══ Records for processing ══

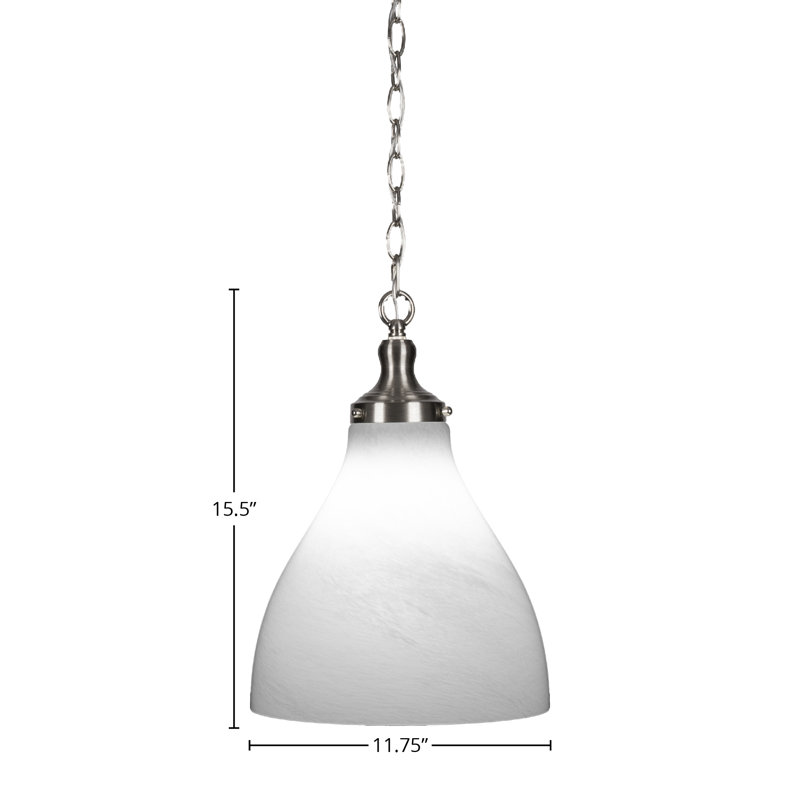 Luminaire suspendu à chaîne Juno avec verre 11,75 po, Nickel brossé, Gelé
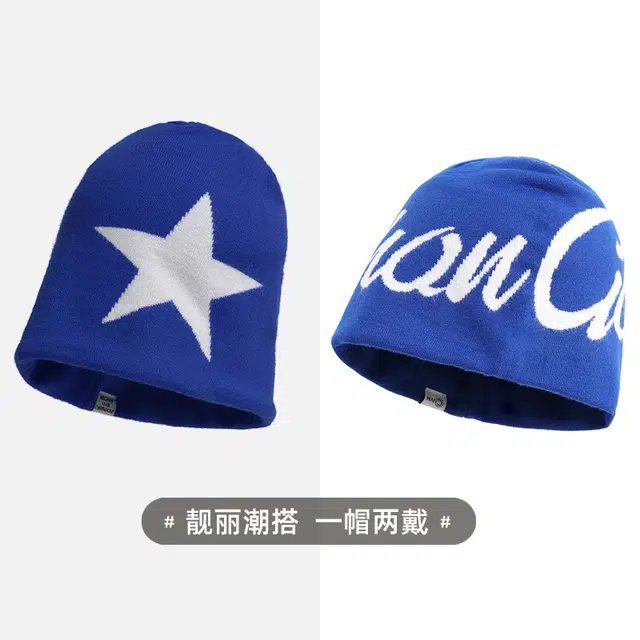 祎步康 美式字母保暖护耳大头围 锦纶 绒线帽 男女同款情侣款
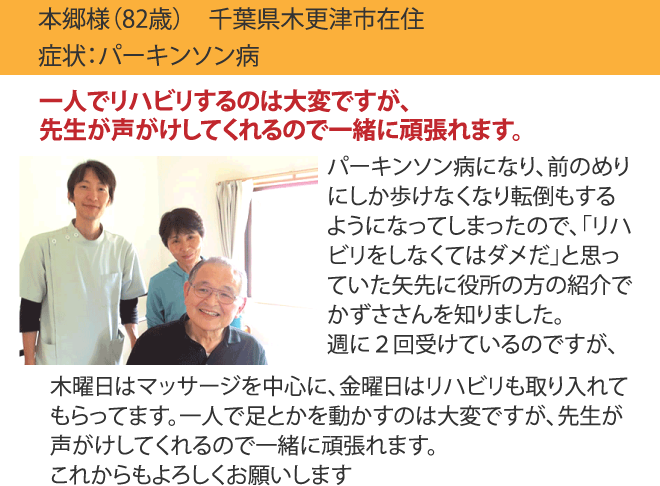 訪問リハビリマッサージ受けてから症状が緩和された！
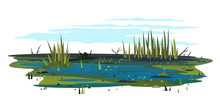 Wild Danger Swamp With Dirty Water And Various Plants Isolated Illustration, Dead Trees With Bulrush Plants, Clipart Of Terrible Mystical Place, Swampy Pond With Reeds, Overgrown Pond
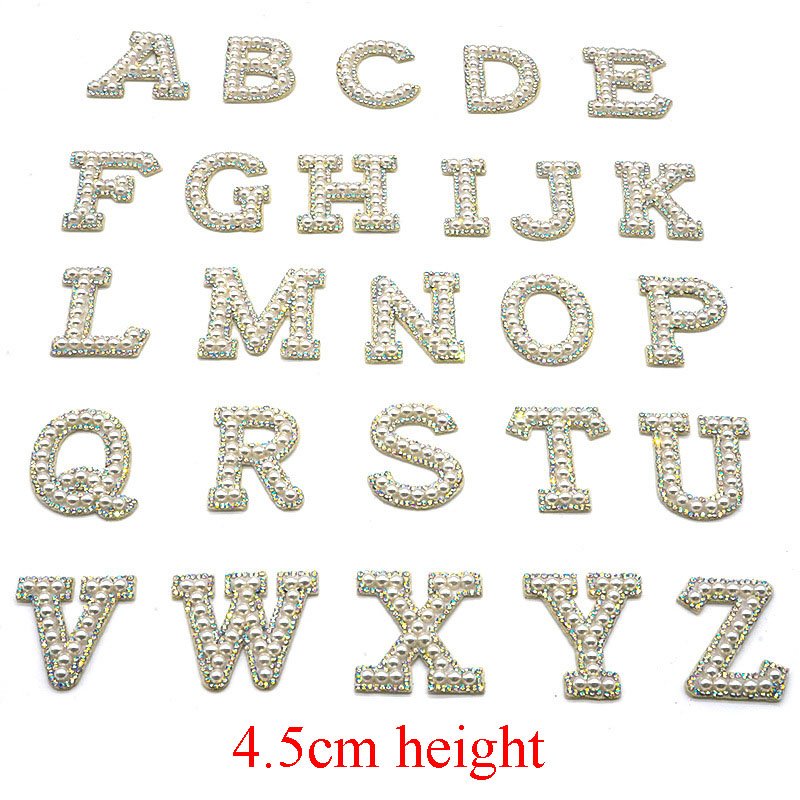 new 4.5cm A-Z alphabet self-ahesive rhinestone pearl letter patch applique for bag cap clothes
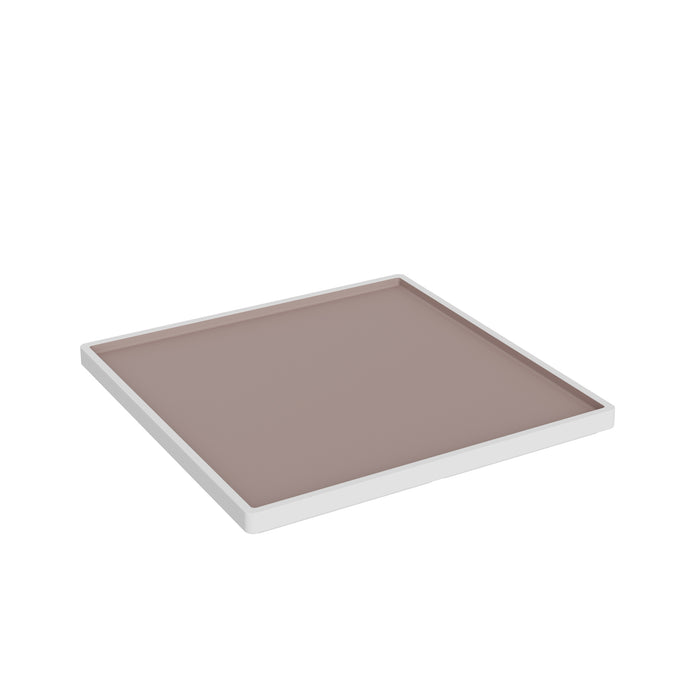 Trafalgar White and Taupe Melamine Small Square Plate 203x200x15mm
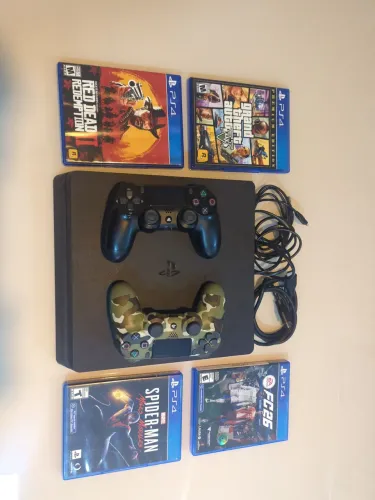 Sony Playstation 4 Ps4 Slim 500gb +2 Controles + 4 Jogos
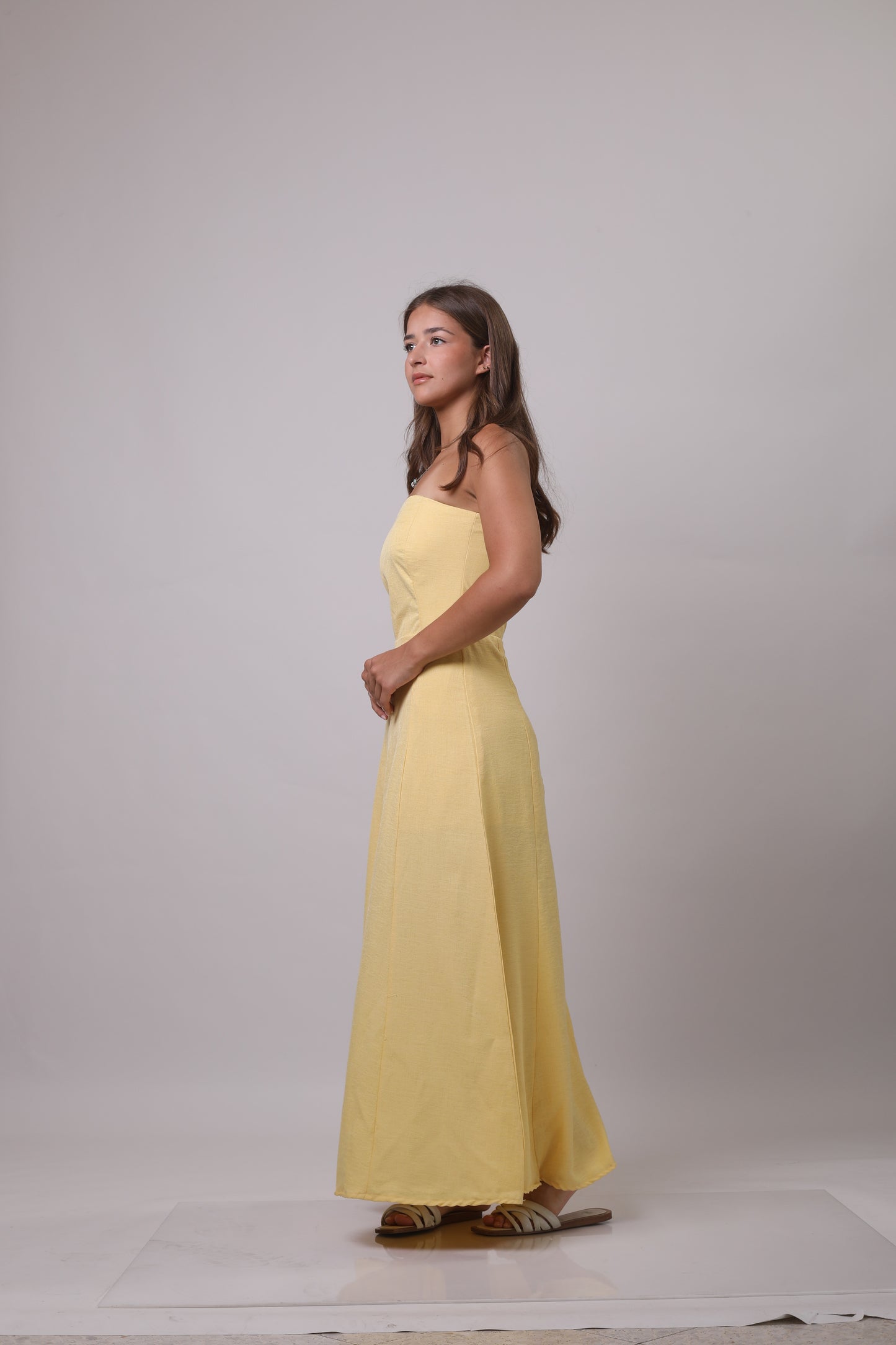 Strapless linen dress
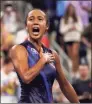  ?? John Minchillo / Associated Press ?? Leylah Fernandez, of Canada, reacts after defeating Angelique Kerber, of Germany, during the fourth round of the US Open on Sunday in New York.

═══
══ Records for processing ══

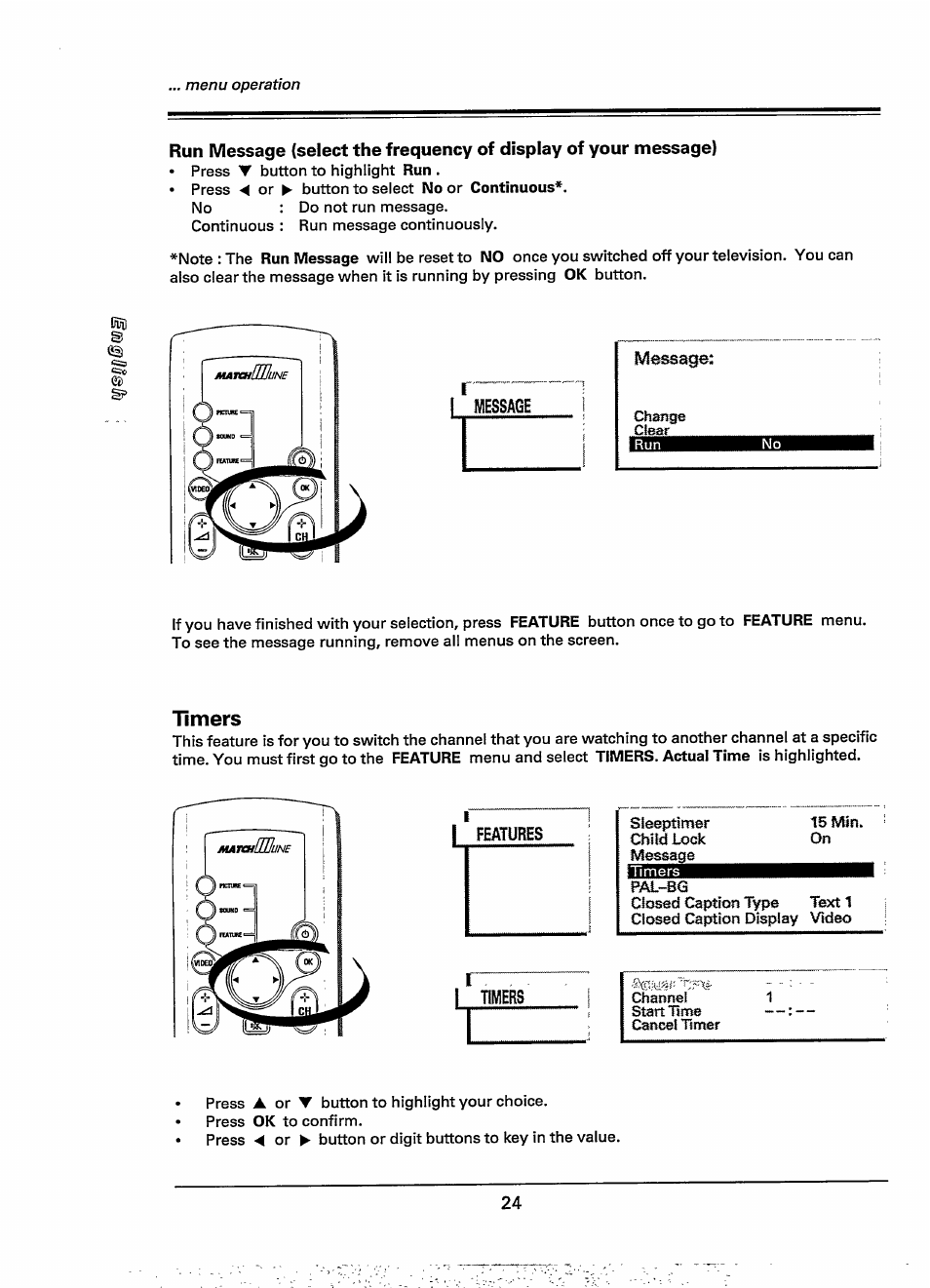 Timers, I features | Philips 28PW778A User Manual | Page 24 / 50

═══

Problem:
Above are some records; quote exactly and only the lines that begin at the line containing "new 4.5cm A-Z" and stop after the line containing "in New York.", leaving out the pictures.

Answer to this task:
 new 4.5cm A-Z alphabet self-ahesive rhinestone pearl letter patch applique for bag cap clothes
 Trafalgar White and Taupe Melamine Small Square Plate 203x200x15mm
 Sony Playstation 4 Ps4 Slim 500gb +2 Controles + 4 Jogos
 Strapless linen dress
  ?? John Minchillo / Associated Press ?? Leylah Fernandez, of Canada, reacts after defeating Angelique Kerber, of Germany, during the fourth round of the US Open on Sunday in New York.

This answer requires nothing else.